'''

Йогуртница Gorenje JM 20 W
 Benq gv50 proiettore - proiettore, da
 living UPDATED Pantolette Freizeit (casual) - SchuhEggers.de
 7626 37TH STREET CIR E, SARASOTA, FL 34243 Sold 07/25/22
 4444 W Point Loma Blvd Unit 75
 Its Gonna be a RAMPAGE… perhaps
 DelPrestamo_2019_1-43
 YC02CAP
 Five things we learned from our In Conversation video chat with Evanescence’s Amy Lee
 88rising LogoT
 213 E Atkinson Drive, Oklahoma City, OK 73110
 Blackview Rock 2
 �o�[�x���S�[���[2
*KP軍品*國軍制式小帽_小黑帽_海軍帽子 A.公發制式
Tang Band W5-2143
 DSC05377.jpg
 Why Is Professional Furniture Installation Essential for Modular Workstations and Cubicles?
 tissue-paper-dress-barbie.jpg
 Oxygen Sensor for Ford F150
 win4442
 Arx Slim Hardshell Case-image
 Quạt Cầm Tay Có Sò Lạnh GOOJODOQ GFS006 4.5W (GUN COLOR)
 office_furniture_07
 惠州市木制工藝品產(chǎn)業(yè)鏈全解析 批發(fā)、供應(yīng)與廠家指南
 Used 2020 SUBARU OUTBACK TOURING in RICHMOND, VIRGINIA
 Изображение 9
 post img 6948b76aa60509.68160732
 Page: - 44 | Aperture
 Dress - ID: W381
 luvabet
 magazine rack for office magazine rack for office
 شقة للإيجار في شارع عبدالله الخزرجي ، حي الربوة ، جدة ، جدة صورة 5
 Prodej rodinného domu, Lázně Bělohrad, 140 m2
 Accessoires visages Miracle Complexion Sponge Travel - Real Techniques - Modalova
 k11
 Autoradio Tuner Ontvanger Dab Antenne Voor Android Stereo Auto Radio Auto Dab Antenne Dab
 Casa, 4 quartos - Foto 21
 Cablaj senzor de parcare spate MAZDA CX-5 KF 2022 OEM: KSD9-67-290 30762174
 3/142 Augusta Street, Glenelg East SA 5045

'''

Write out word for word only the lines from the one with "Why Is Professional" to the end of the material, both ends included.

 Why Is Professional Furniture Installation Essential for Modular Workstations and Cubicles?
 tissue-paper-dress-barbie.jpg
 Oxygen Sensor for Ford F150
 win4442
 Arx Slim Hardshell Case-image
 Quạt Cầm Tay Có Sò Lạnh GOOJODOQ GFS006 4.5W (GUN COLOR)
 office_furniture_07
 惠州市木制工藝品產(chǎn)業(yè)鏈全解析 批發(fā)、供應(yīng)與廠家指南
 Used 2020 SUBARU OUTBACK TOURING in RICHMOND, VIRGINIA
 Изображение 9
 post img 6948b76aa60509.68160732
 Page: - 44 | Aperture
 Dress - ID: W381
 luvabet
 magazine rack for office magazine rack for office
 شقة للإيجار في شارع عبدالله الخزرجي ، حي الربوة ، جدة ، جدة صورة 5
 Prodej rodinného domu, Lázně Bělohrad, 140 m2
 Accessoires visages Miracle Complexion Sponge Travel - Real Techniques - Modalova
 k11
 Autoradio Tuner Ontvanger Dab Antenne Voor Android Stereo Auto Radio Auto Dab Antenne Dab
 Casa, 4 quartos - Foto 21
 Cablaj senzor de parcare spate MAZDA CX-5 KF 2022 OEM: KSD9-67-290 30762174
 3/142 Augusta Street, Glenelg East SA 5045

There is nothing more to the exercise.